A total of 74 subjects were enrolled, of whom 53 (72%) completed endoscopic procedures at baseline and 6-month follow-up. The SES-CD ileocolonoscopy score correlated with the Lewis score (P < .001, ρ = .59) and CECDEIS capsule score (P = .002, ρ = .48). None of the 3 endoscopic scores correlated with PGA, CDAI, HBI, C-reactive protein, erythrocyte sedimentation rate, or fecal calprotectin.
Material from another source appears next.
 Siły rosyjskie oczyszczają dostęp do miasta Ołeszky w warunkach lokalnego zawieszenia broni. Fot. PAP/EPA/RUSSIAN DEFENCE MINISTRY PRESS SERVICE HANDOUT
Approximately 85% of subjects had proximal small-bowel inflammation identified on CE. There were no CE-related adverse events.

Conclusions

There was high correlation between CE and ileocolonoscopy scores for the assessment of mucosal disease activity over time; however, there were no correlations between endoscopic scores and clinical parameters. The use of serial CE for the assessment of small-bowel CD is feasible and valid. (Clinical trial registration number: NCT01942720.)



中文翻译:

视频胶囊内窥镜用于纵向监测小肠克罗恩病活动的一项前瞻性研究

背景和目标

这项前瞻性,多中心研究评估了小肠内窥镜(CE)对克罗恩病(CD)患者粘膜炎症的纵向评估。

方法

在基线期和6个月的随访中,患有已知CD的受试者接受了回肠结肠镜检查和CE的临床评估。CE在两个时间点之前均已确认小肠通畅。回肠结肠镜检查采用CD的简单内镜评分(SES-CD),CE评分采用Lewis评分和CE CD内镜严重度指标(CECDEIS)。临床评分指数包括医师全球评估(PGA),CD活动指数(CDAI)和Harvey-Bradshaw指数(HBI)。在基线和随访时收集包括C反应蛋白,粪便钙卫蛋白和红细胞沉降率在内的实验室标记物。内窥镜评分与临床参数之间的相关性使用Spearman检验进行了测量。

结果

总共招募了74名受试者,其中53名(72%)在基线和6个月的随访中完成了内窥镜检查程序。SES-CD回肠结肠镜检查评分与Lewis评分(P  <.001,ρ= .59)和CECDEIS胶囊评分(P  = .002,ρ= .48)相关。3个内镜评分均与PGA,CDAI,HBI,C反应蛋白,红细胞沉降率或粪钙卫蛋白无关。大约85%的受试者在CE上发现了近端小肠炎症。没有CE相关的不良事件。

结论

CE和回肠结肠镜检查得分之间的相关性随时间的推移在评估粘膜疾病活动方面有很高的相关性。但是,内窥镜评分与临床参数之间没有相关性。使用串行CE评估小瓶CD是可行和有效的。(临床试验注册号:NCT01942720。)